Kralicek geht essen: Gast und Wirt
Das Verhältnis zwischen Gast und Wirt ist speziell. Einerseits handelt es sich um eine ganz normale Geschäftsbeziehung: Einer bezahlt, der andere gibt ihm etwas dafür. Andererseits geht es nicht nur um schnöde Waren, sondern auch um echte Gefühle. Und da wird’s, das weiß man ja, kompliziert. Gemeint ist damit nicht, dass die Qualität von Essen immer auch, tja, Geschmacksache ist. Viel entscheidender ist, dass zwischenmenschlich die Chemie stimmt. Wenn’s einmal nicht so schmeckt, wie wir uns das vorgestellt haben, tolerieren wir das meistens – und bestellen beim nächsten Mal eben was anderes. Aber wenn die Kellnerin hantig oder der Wirt arrogant ist, gehen wir da eher nicht mehr hin.
In der Wolf-Haas-Verfilmung „Der Knochenmann“ gibt es einen Dialog zwischen Josef Hader (Gast) und Josef Bierbichler (Wirt), der das prekäre Verhältnis auf den Punkt bringt.
Gast (sarkastisch): Bei Ihnen ist der Gast noch richtig König, oder?
Wirt (trocken): Wir san ka Gasthaus, wir san a Wirtshaus.
Im Kino ist das ein Brüller, in der Realität ziehen wir dann aber doch das Gasthaus vor. Der Wirt sollte uns zumindest glaubhaft das Gefühl vermitteln, willkommen zu sein. Gute Vibes sind mindestens so wichtig wie eine gute Küche. Niemand mag es, schlecht behandelt zu werden; schon gar nicht an einem Ort, den man eigentlich aufsucht, um sich etwas Gutes zu tun.
So ist es zum Beispiel auch nur ein Mythos, dass ein echtes Wiener Kaffeehaus nur dann authentisch ist, wenn es dort möglichst grantige Ober gibt. So was können sich weder die Kaffeehäuser noch die Ober leisten. Haben wir uns den grantigen Kellner also nur eingebildet? Nein, den gab’s natürlich schon.
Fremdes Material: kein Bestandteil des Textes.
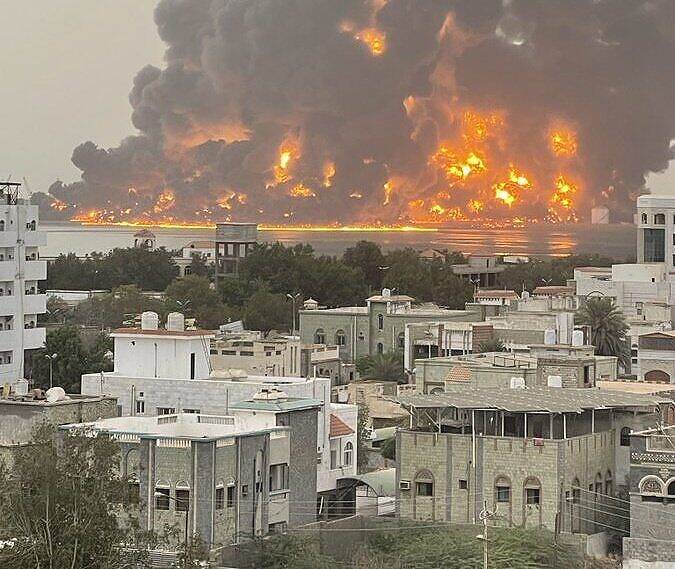 1.4 مليار دولار خسائر موانئ الحديدة بعد تدمير البنية التحتية والمنشآت التشغيلية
Aber er war nicht wirklich unfreundlich, sondern Teil eines sehr wienerischen Rollenspiels, das Stammgäste lustvoll mitspielten; die Qualität eines Obers wurde auch daran bemessen, wie gewandt er das ritualisierte Gefrotzel beherrschte. Doch anscheinend wird das Rollenfach „grantiger Wiener Ober“ in der Kellnerlehre nicht mehr unterrichtet, weshalb auch die damit verbundene Art von Schmähführen weitgehend ausgestorben ist. Wenn einem heute noch ein unfreundlicher Kellner unterkommt, dann ist er in der Regel kein begnadeter Selbstdarsteller, sondern tatsächlich nur unfreundlich, Schmäh ohne.